Goal of the exercise: Transcribe this listing exactly; omit the pictures.

Stored data:
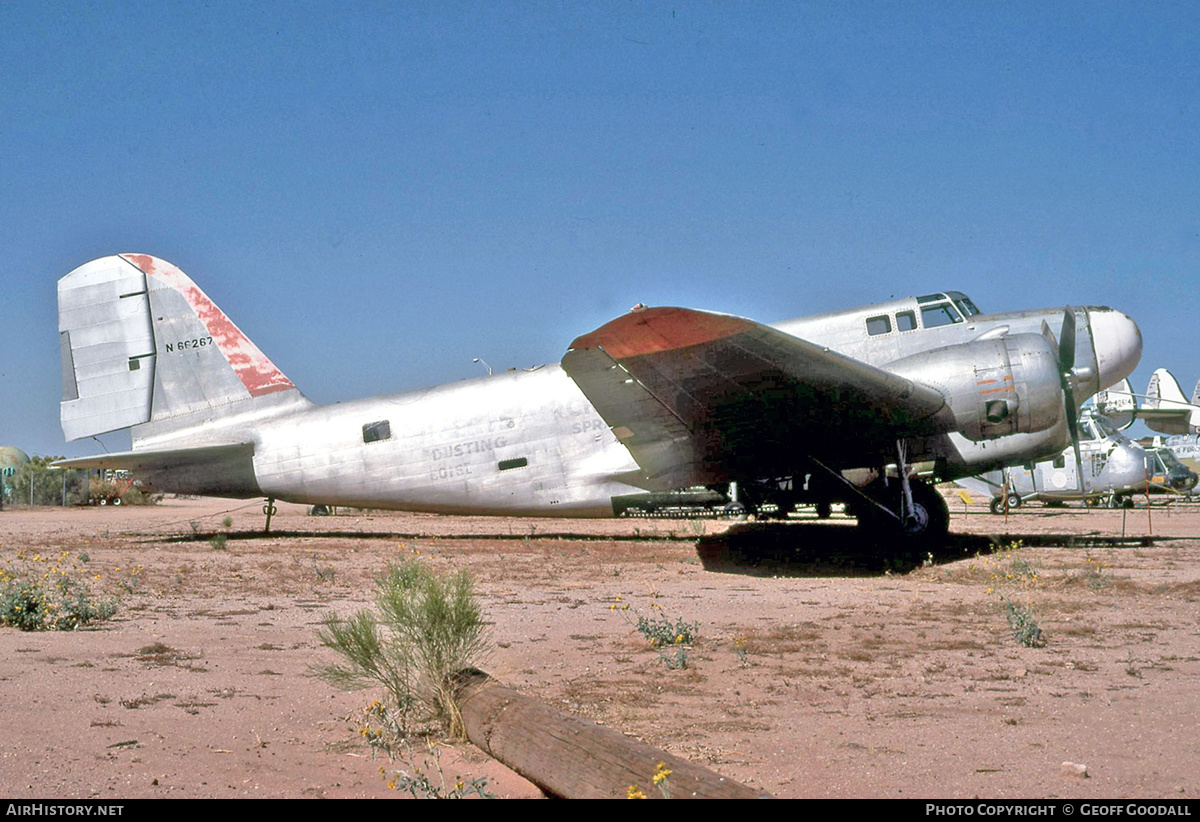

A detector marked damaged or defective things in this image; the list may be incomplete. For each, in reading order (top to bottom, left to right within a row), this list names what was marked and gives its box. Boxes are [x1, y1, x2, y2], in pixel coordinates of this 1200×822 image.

corroded wing surface [559, 307, 945, 487]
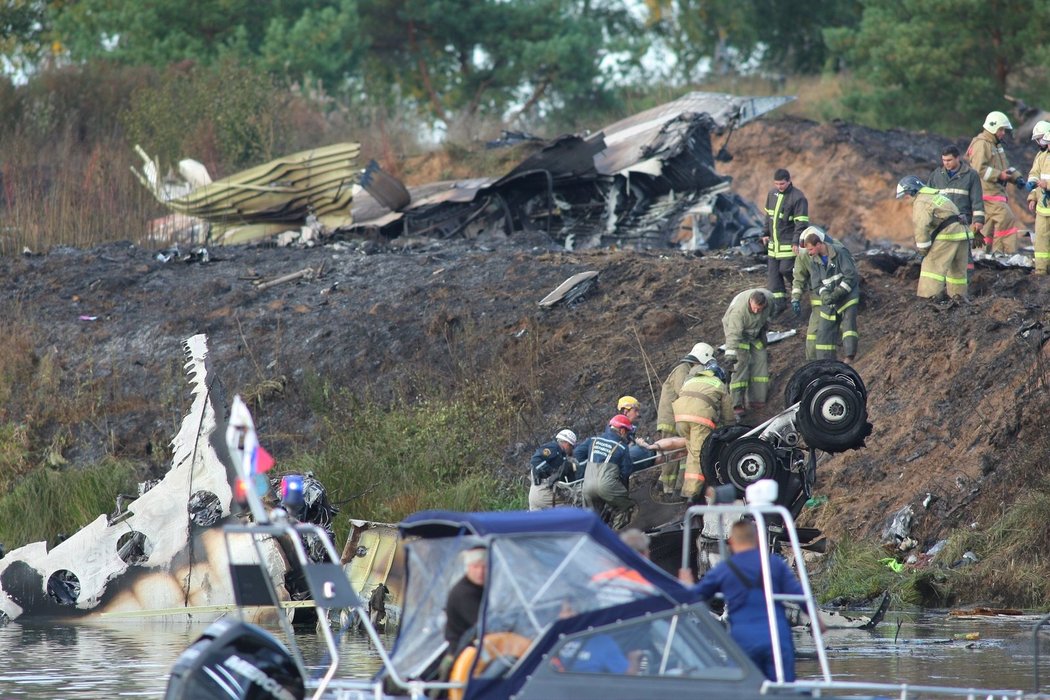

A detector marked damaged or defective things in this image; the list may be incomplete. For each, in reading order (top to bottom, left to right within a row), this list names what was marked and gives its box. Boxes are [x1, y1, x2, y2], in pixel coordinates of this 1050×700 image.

burnt metal debris [348, 92, 789, 251]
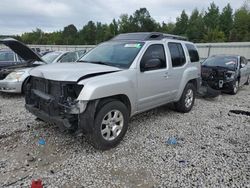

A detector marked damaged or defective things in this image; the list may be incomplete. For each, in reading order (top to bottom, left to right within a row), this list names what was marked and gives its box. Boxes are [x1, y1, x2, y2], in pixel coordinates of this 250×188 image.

wrecked car [0, 38, 86, 93]
wrecked car [24, 32, 201, 150]
wrecked car [202, 55, 249, 94]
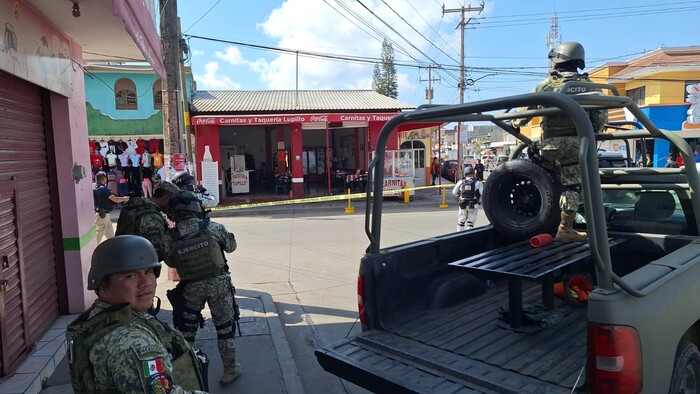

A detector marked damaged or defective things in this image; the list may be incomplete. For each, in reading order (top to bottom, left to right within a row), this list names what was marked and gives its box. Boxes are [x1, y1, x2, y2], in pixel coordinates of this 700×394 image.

rusty metal shutter [0, 71, 58, 376]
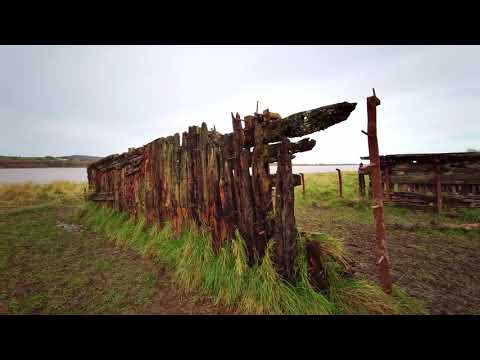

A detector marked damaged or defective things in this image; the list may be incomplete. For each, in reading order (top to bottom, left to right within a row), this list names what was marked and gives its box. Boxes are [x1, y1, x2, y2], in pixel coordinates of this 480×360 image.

rusty metal post [366, 88, 392, 294]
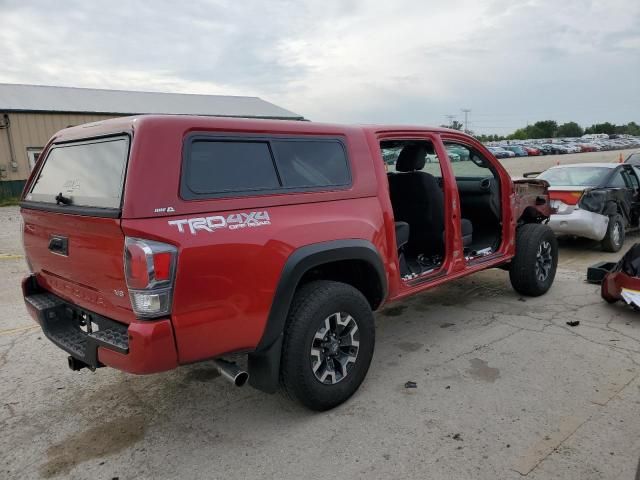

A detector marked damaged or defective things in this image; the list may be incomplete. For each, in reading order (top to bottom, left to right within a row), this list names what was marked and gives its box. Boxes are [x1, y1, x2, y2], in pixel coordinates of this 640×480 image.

exposed wheel [508, 222, 556, 296]
damaged car [532, 163, 636, 253]
exposed wheel [600, 213, 624, 251]
exposed wheel [280, 280, 376, 410]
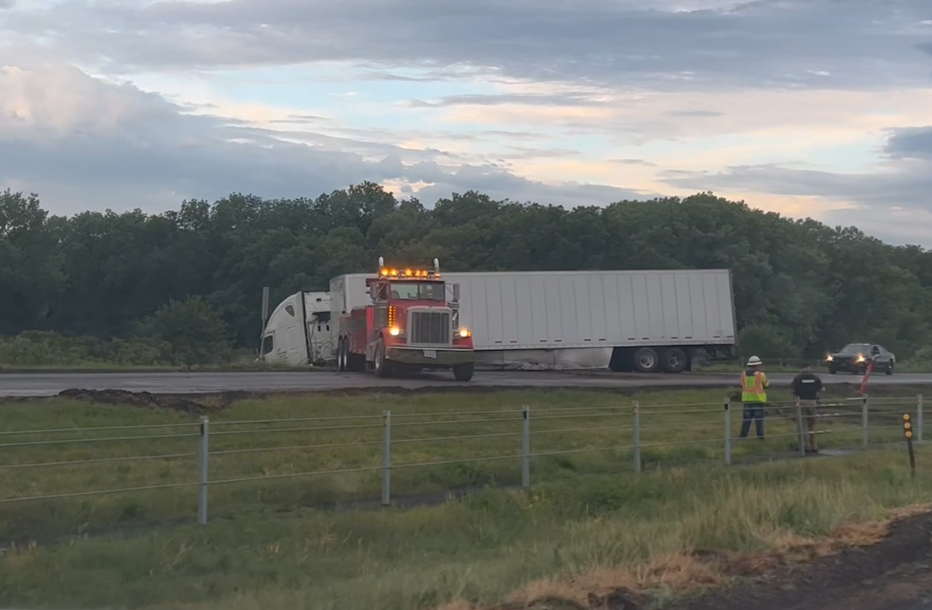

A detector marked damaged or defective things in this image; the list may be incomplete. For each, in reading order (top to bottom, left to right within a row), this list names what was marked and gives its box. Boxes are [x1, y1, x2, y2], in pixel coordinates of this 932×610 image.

crashed semi cab [334, 256, 476, 380]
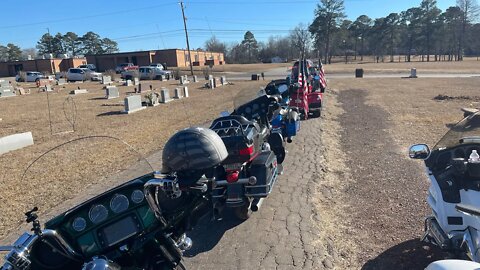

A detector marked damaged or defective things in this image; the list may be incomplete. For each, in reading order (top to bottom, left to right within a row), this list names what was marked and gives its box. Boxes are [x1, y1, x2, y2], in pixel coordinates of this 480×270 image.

cracked asphalt [183, 114, 326, 270]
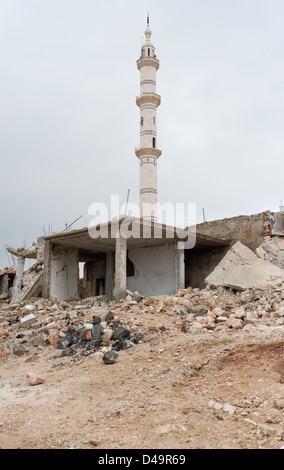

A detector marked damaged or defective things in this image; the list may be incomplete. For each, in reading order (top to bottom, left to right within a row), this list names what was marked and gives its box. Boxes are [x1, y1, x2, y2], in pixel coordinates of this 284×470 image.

broken concrete block [205, 242, 284, 290]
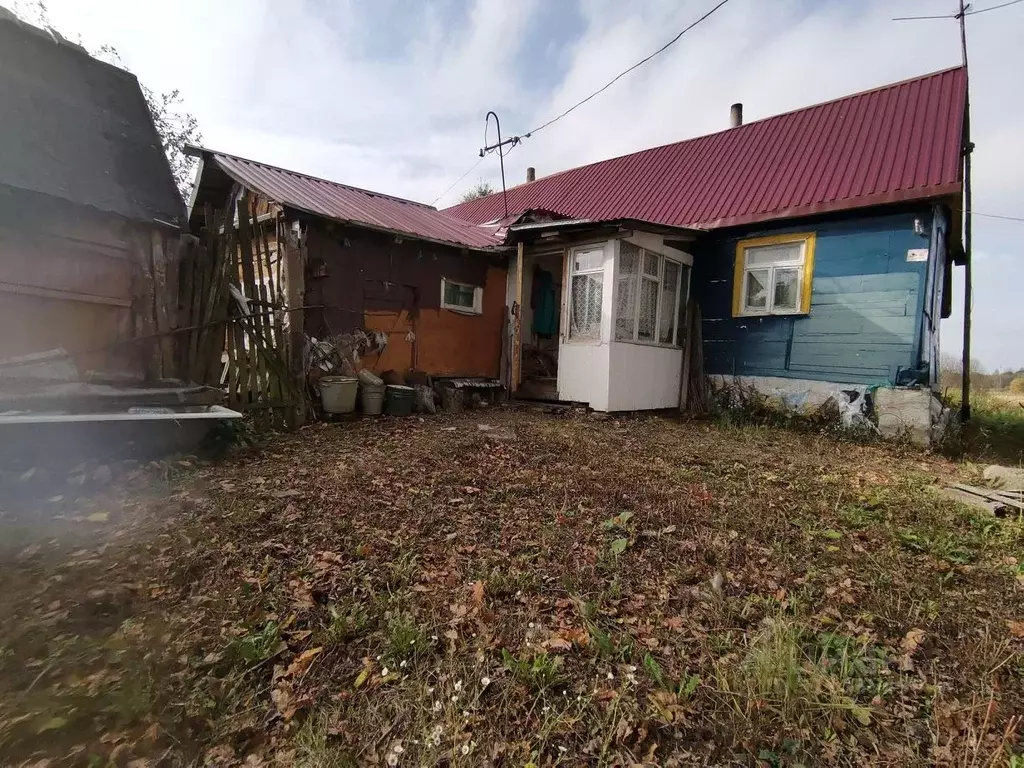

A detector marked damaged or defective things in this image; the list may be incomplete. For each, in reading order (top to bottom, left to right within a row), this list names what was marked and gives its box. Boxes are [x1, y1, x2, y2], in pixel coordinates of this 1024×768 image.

rusty corrugated panel [204, 153, 500, 252]
rusty corrugated panel [444, 68, 964, 231]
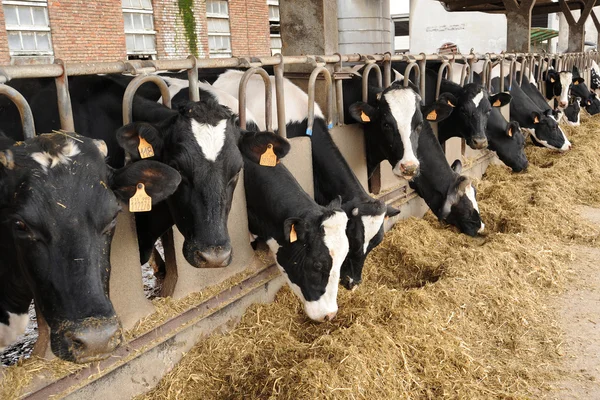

Answer for this exercise:
A detector marked damaged or defective things in this image; the list may be incomplete. For each, in reading order (top to bottom, left to right within a row), this list names what was marked and gives its box. Boxes are [x1, y1, x2, y2], in pixel coordinates of this 1200×822 image.

corroded wing surface [559, 307, 945, 487]

A detector marked damaged or defective things in this image; the list may be incomplete. For each, in reading order (top to bottom, left to right within a row), this list names what was marked and gives its box. Boxes are [x1, y1, x2, y2], in pixel coordinates of this 1050×700 image.

burnt metal debris [348, 92, 789, 251]

A detector marked damaged or defective things in this image; the list may be incomplete. For each, in reading order (top to bottom, left to right within a row), this list names what was marked and gives its box. Boxes are [x1, y1, x2, y2], in pixel coordinates of this 250×188 image.

wrecked car [0, 38, 86, 93]
wrecked car [24, 32, 201, 150]
wrecked car [202, 55, 249, 94]

A detector marked damaged or defective things in this image; the list may be incomplete. For each, in reading order (top to bottom, left to right within a row), this list names what was marked and gives its box. Boxes are [x1, y1, x2, y2], in pixel coordinates of this 700×394 image.

rusty metal shutter [0, 71, 58, 376]

A detector marked damaged or defective things in this image; the list may be incomplete. For each, in reading order (top to bottom, left to right within a row), this list names what was marked and gives its box. Boxes are [x1, y1, x2, y2], in pixel coordinates of this 480×360 image.

rusty metal post [366, 88, 392, 294]

A detector marked damaged or defective things in this image; the list may be incomplete. For each, in reading order (top to bottom, left to right within a row), this list names what was marked and gives its box. Boxes are [x1, y1, x2, y2], in pixel coordinates of this 640×480 image.

exposed wheel [508, 222, 556, 296]
damaged car [532, 163, 636, 253]
exposed wheel [600, 213, 624, 251]
exposed wheel [280, 280, 376, 410]

A detector marked damaged or defective things in this image; the list may be incomplete. For each, in reading order (top to bottom, left to right within a row), this list names what was marked and gives its box. Boxes are [x1, y1, x2, y2], in pixel coordinates of this 932×610 image.

crashed semi cab [334, 256, 476, 380]

A detector marked damaged or defective things in this image; the list may be incomplete. For each, in reading order (top to bottom, left to right within a row), this list names what was marked and gives its box. Boxes are [x1, y1, x2, y2], in pixel coordinates of this 480×270 image.

cracked asphalt [183, 114, 326, 270]

A detector marked damaged or defective things in this image; the list may be incomplete. For each, in reading order (top to bottom, left to right within a row), this list names what was marked and gives its box. Boxes are [x1, y1, x2, y2], in pixel coordinates of this 284×470 image.

broken concrete block [205, 242, 284, 290]

A detector marked damaged or defective things in this image; the list may be incomplete. For each, in reading order (top to bottom, left to right within a row), this list names what was marked and gives its box. Boxes are [x1, y1, x2, y2], in pixel coordinates of this 1024×768 image.

rusty corrugated panel [204, 153, 500, 252]
rusty corrugated panel [444, 68, 964, 231]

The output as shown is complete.